For an oil field, the total daily oil production from the entire field is typically accurately metered for fiscal reasons, however, the production from individual oil wells is not known on a daily basis.
Typically, in an oil field, all oil wells are hooked up to a common production manifold which directs the commingled flow of water, oil and gas from the wells to a number of separators, each operating at distinct pressure and temperature. Thus, oil from numerous different wells is directed to the common production manifold and processed as one commingled flow, irrespective of well origination and thus no information on flow from individual wells is obtainable at the processing stage.
Many oil fields are also equipped with a test separator to which each of the wells can be routed individually to extract information about the present production state of the well being tested. The test results may provide information about well production and may provide input to pipeline simulation models, which are used to simulate the flow in the pipelines and which may be used to simulate different control structures for example to monitor, suppress or control slugging in multiphase fluid flow in pipelines.

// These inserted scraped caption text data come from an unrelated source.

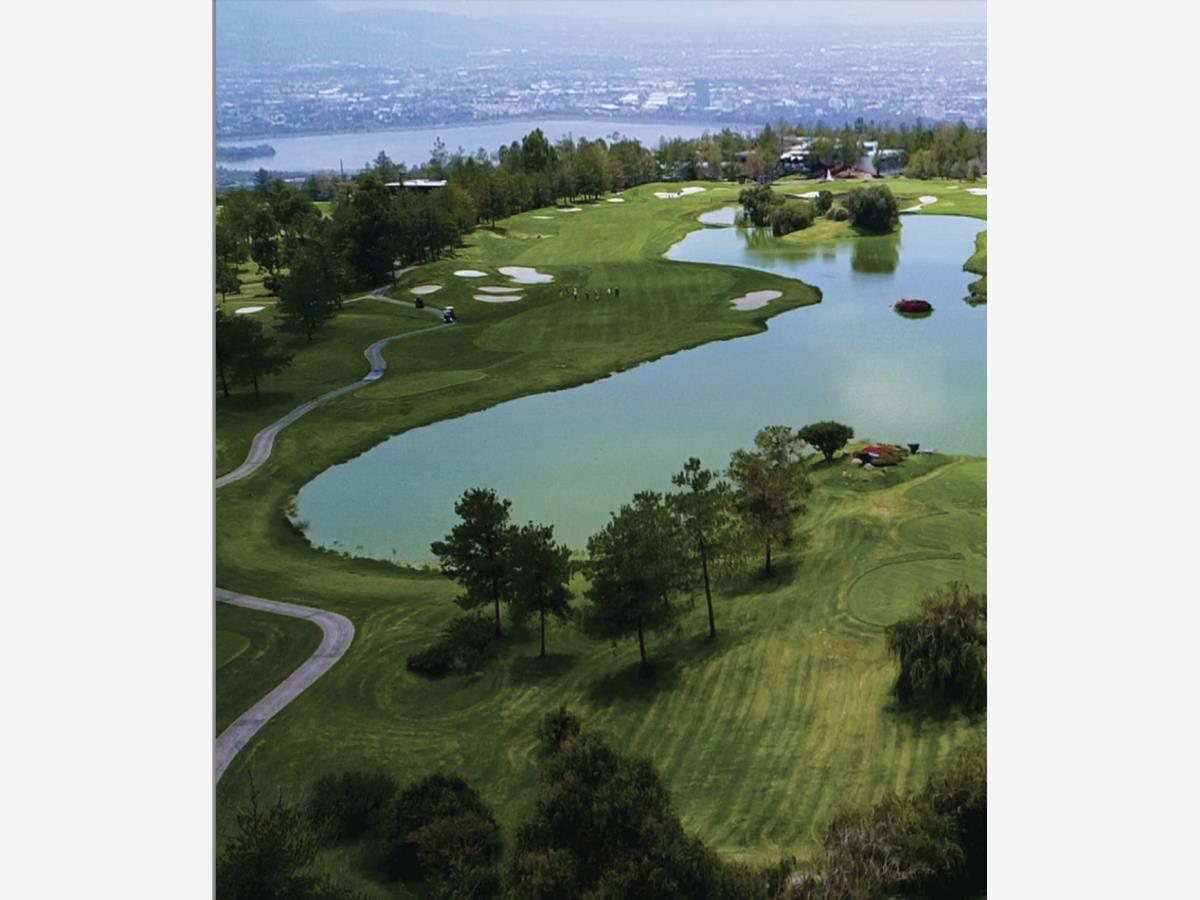 Terreno en venta en Country Club Gran Jardín, León — foto 1 de 4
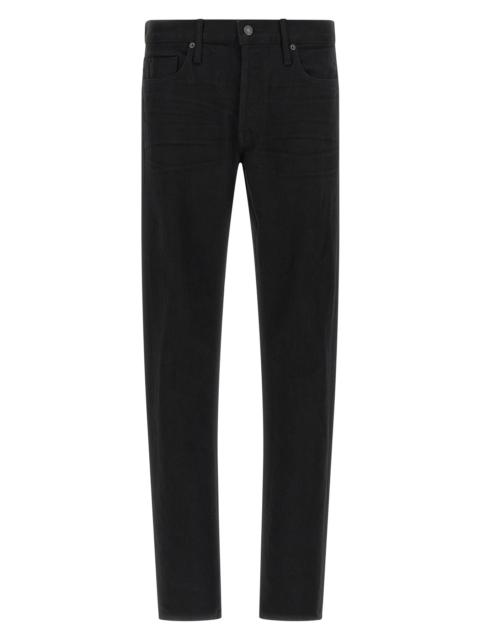 TOM FORD Straight leg jeans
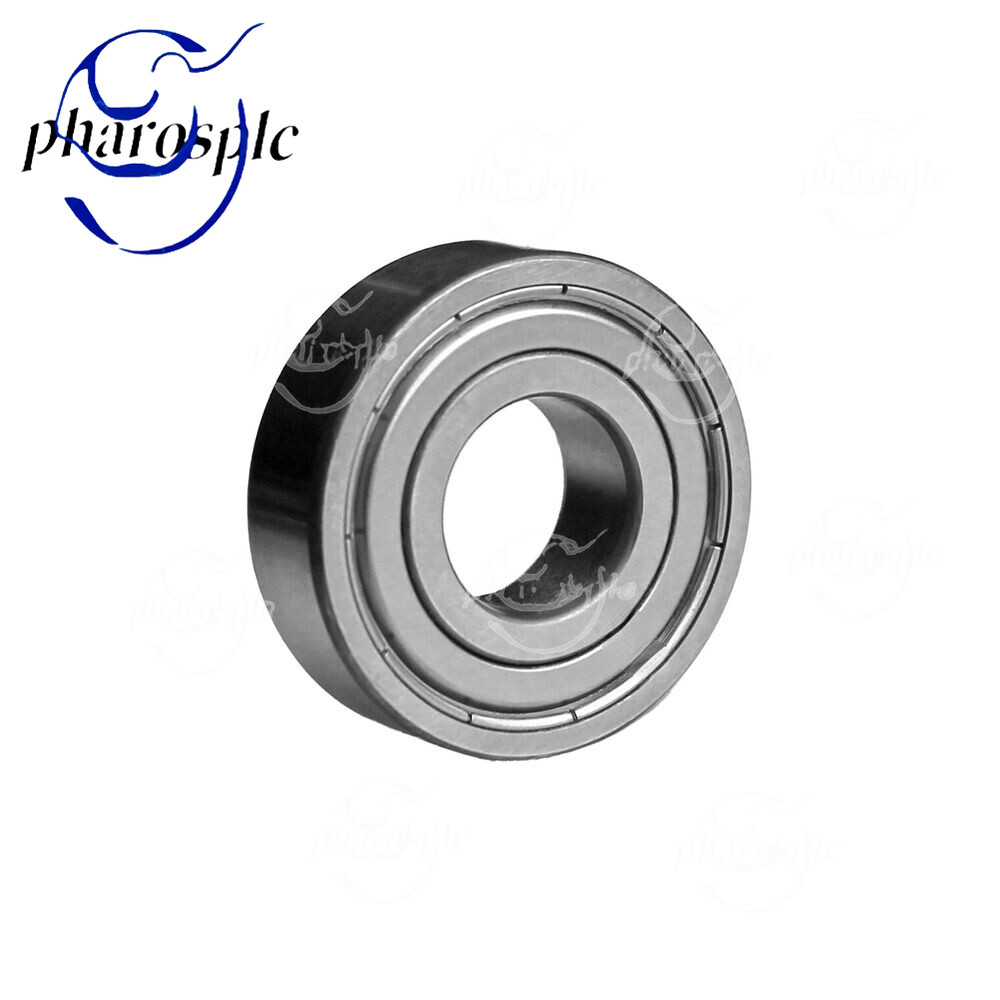 6203-ZZ C3 SKF Brand Metal Shield Ball Bearing 17x40x12 6203 2Z 6203Z
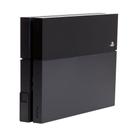 Suporte de parede HIDEit Mounts Original PS4 preto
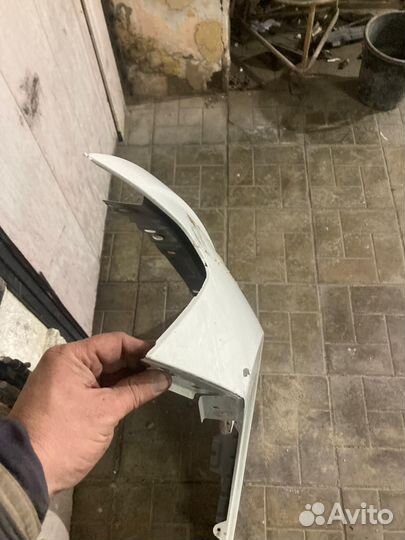 Крыло volkswagen tiguan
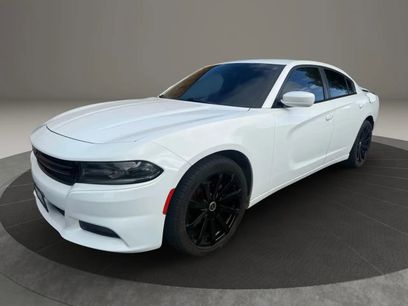 Used 2015 Dodge Charger SE w/ Popular Equipment Group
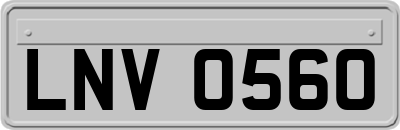 LNV0560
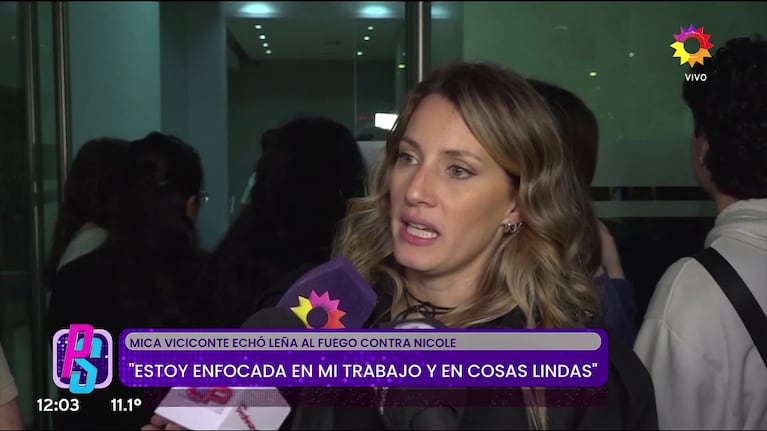 Foto: Captura (eltrece)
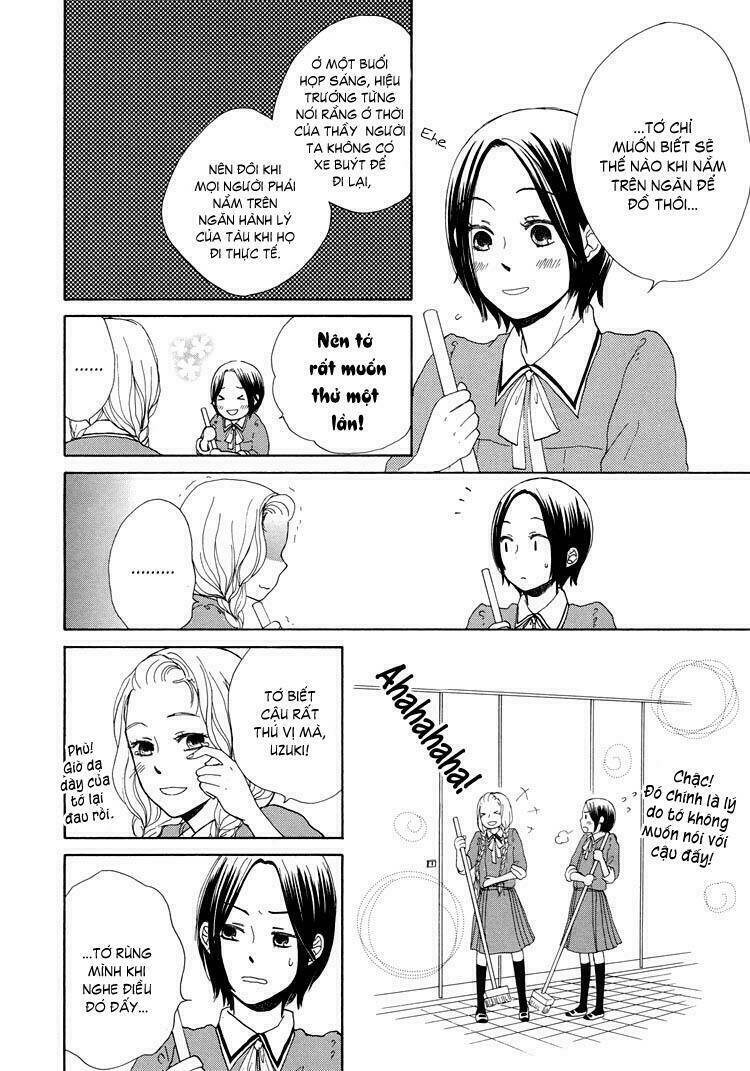 kuroobaa chapter 1 33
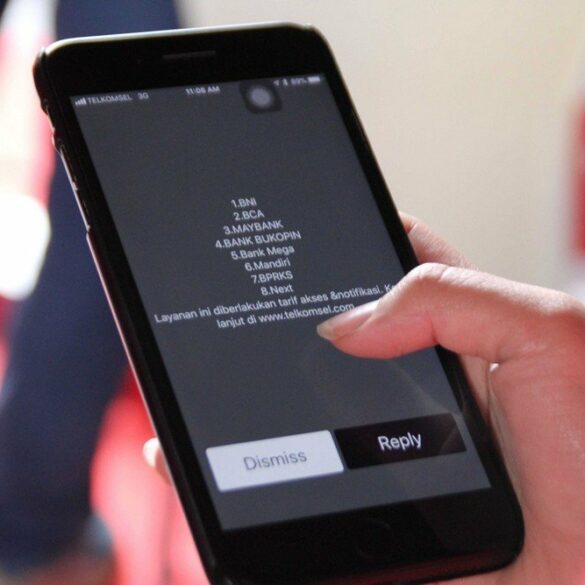 HADIAH SMS BANKING 2 HADIAH SMS BANKING 2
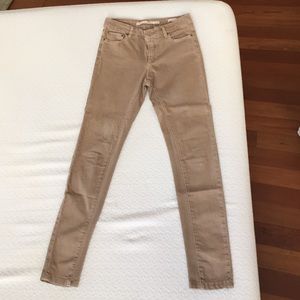 Zara Denimwear collection jeans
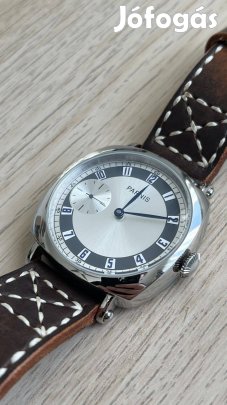 Parnis mechanikus karóra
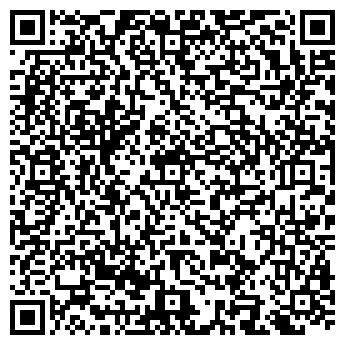 QR-код с контактной информацией организации Вилия-буд, ООО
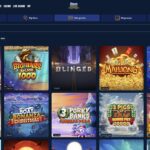 Dream Vegas casino slots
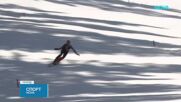Сеймейство Замфирови са оптимисти за възстановяването на Малена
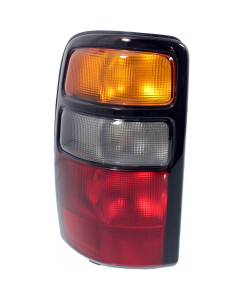 TailLight for Chevrolet Suburban Tahoe 2004-2006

Slug flow is a commonly observed pattern in multiphase fluid flow and is characterised as a flow regime with large coherent disturbances which cause large pressure fluctuations and variations in the flow rate which can affect process equipment, may damage the reservoir rock and imposes additional wear on the surface equipment, and which may even overload the capacity of the equipment at the pipeline outlet.
Therefore, simulation tools are often used to characterise the flow and attempt to control or suppress the slug flow, for example by regulating choke settings for the well in accordance with the simulation data. The simulation models typically require input from the well testing to provide reliable results.
Thus, other ways to monitor the wells have been suggested. In U.S. Pat. No. 8,078,328, wellhead pressure data are measured to form an isobaric pressure map of one or more reservoirs and displaying the at least one isobaric pressure map on a display to provide for real-time reservoir pressure monitoring. The pressure map may be overlaid with for example injection rate and cumulative injection for the well and on the basis of this a static reservoir pressure may be estimated.
Furthermore, instrumentation, such as multi-phase meters, can be positioned in the wells to provide some real-time information on actual well performance, and for example in EP 1588022, it is suggested to use a densitometer in the well to define the slug based on the measured density. It is further suggested to enhance the densitometer with further instrumentation to register the differential pressure (dP) between the slug detector and the process arrival to provide information on the on-line water cut in combination with the local hold-up or void fraction as well as fluid velocities of the different phases to thereby provide an indication of well performance.
However, such meters require regular maintenance and frequent calibration against test separator data to provide reliable information; testing of a well can only provide for real-time information on well performance for one well at a given point in time, thus other or additional solutions are needed.